◆ REQUIRED ACTION
Could you copy out all of the records below exactly, leaving out every picture?

·····

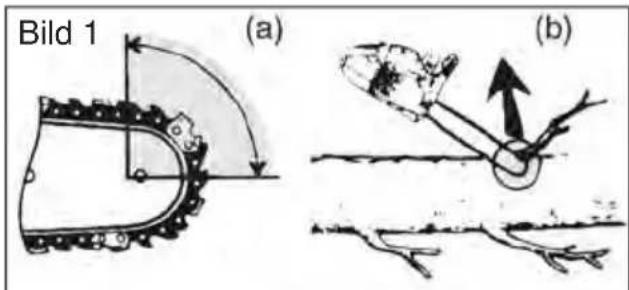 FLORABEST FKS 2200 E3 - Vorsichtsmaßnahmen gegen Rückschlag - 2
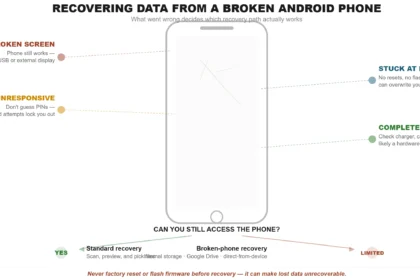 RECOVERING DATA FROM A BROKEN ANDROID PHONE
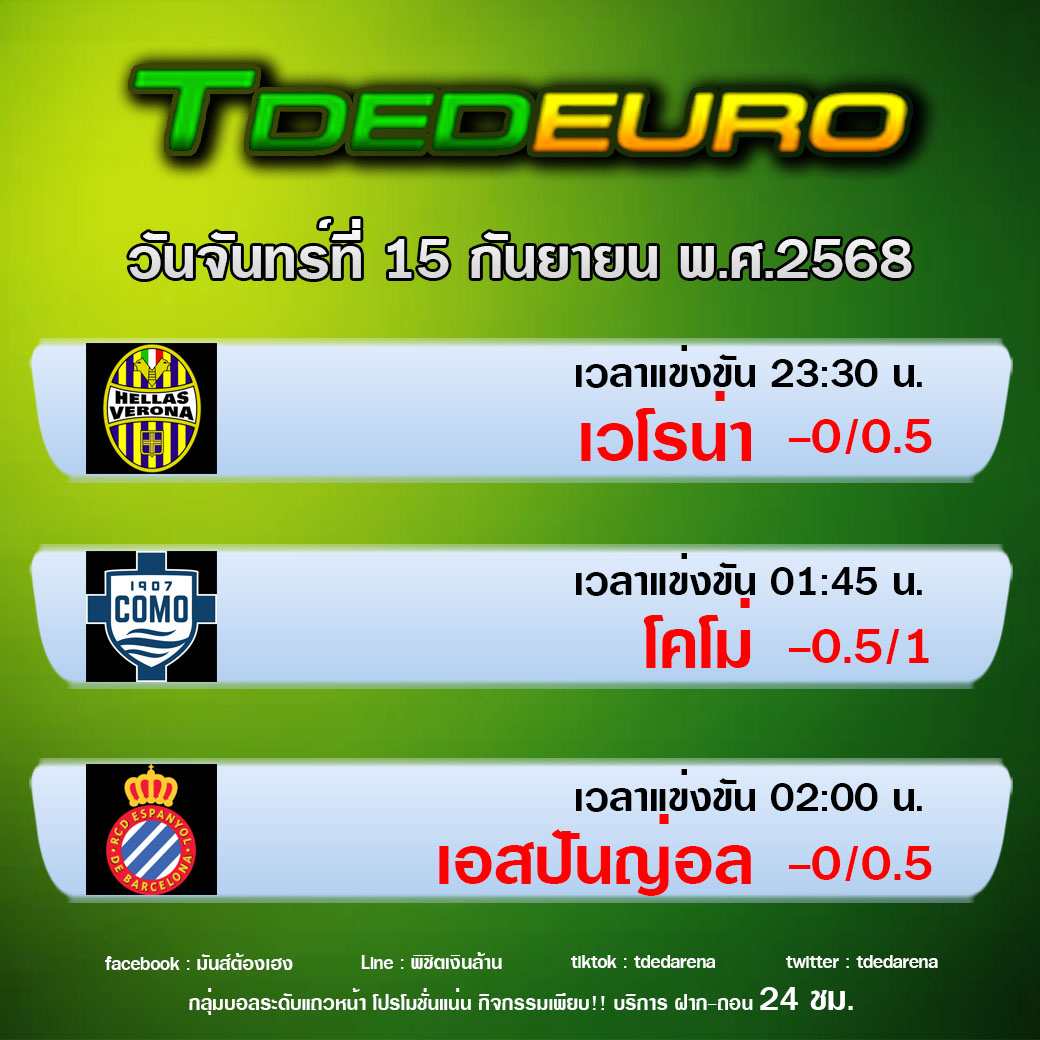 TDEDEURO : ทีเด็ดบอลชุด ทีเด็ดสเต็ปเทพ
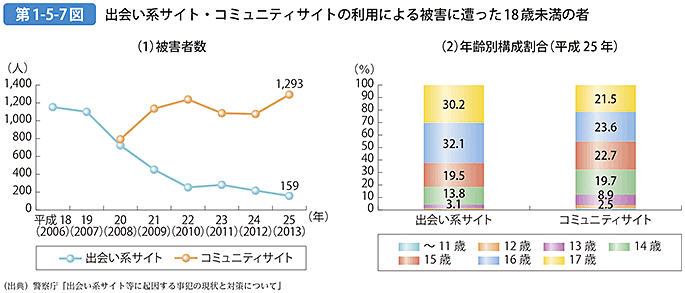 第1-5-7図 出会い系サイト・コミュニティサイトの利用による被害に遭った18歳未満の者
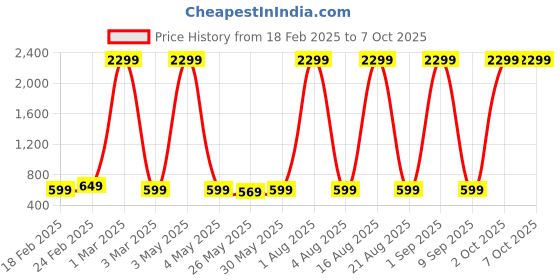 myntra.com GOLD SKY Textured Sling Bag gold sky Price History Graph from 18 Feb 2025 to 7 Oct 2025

·····

◆ COMPLETED EXERCISE
 FLORABEST FKS 2200 E3 - Vorsichtsmaßnahmen gegen Rückschlag - 2
 RECOVERING DATA FROM A BROKEN ANDROID PHONE
 TDEDEURO : ทีเด็ดบอลชุด ทีเด็ดสเต็ปเทพ
 第1-5-7図 出会い系サイト・コミュニティサイトの利用による被害に遭った18歳未満の者
 myntra.com GOLD SKY Textured Sling Bag gold sky Price History Graph from 18 Feb 2025 to 7 Oct 2025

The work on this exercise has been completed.